## Requirement
Everything in the data must be repeated exactly, apart from the pictures, which are left out.

## Supplied information
▬▬▬

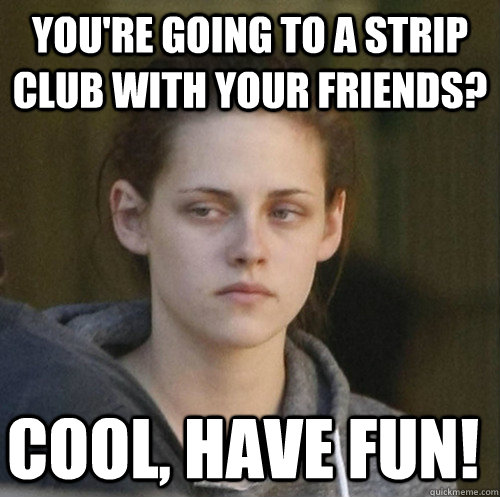 youre going to a strip club with your friends cool have f - Underly Attached Girlfriend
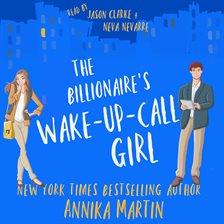 Cover image for The Billionaire's Wake-up-call Girl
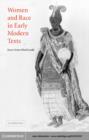 Women and Race in Early Modern Texts - eBook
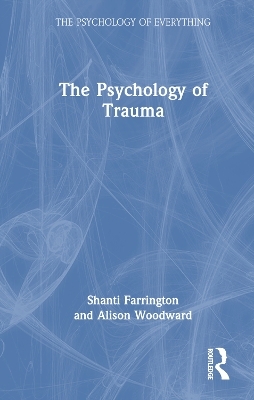 The Psychology of Trauma - Shanti Farrington, Alison Woodward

▬▬▬

## Result below
 youre going to a strip club with your friends cool have f - Underly Attached Girlfriend
 Cover image for The Billionaire's Wake-up-call Girl
 Women and Race in Early Modern Texts - eBook
 The Psychology of Trauma - Shanti Farrington, Alison Woodward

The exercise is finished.